16:44 13 September 2012
A report has revealed that some of the 96 Liverpool fans who died at Hillsborough in 1989, following a crush during the FA Cup semi-final, could have survived. Thousands attended a Vigil in Liverpool on Wednesday night in memory of the victims, on the same day the Hillsborough Independent Panel revealed their findings.
New revelations come from the scrutiny of some 450,000 pages of documents over the last year and a half, and there are claims that police made changes to witness statements in an attempt to blame Liverpool fans for the disaster. Loved ones had challenged the original inquest.
Reportedly the panel said that up to 41 victims could have been spared, and that some 116 police statements have been identified which are ‘unfavourable’ to South Yorkshire Police. Allegedly police and ambulance services tried to prove fans were drunk.
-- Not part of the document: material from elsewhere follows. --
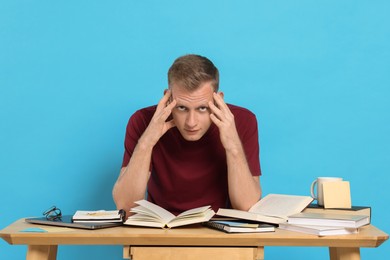 Photo of Preparing for exam. Student with books at table against light blue background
According to The Telegraph, the report states that Sheffield authorities were aware the football ground was unsafe.
PM David Cameron, who has apologised for a "double injustice" as suffering families were not backed up over original accusations, has said that Attorney General Dominic Grieve would be reviewing the new report to see if there is to be a new inquest.
In a statement he said: "On behalf of the government – and indeed our country – I am profoundly sorry for this double injustice that has been left uncorrected for so long."
The Crown Prosecution Service could look to investigating state services such as the police, for attempting to pervert the course of justice, as well as misconduct in public, in the cover-up.
Former Chief constable of South Yorkshire police Richard Wells has told the Mail Online he was “disappointed and angry” at the exposed police failings, and that a prosecution would be “absolutely essential.”
He told BBC Radio 4’s Today programme: “I don’t know how practical it is going to be now. But the inquest, if that is re-opened my help to shed further light on the details.”
South Yorkshire Chief Constable David Crompton told BBC Two's Newsnight programme there are no special provisions for police and they are to be treated like anybody else. He said: "My position is a very simple and straightforward one, which is that if people have broken the law then they should be prosecuted.”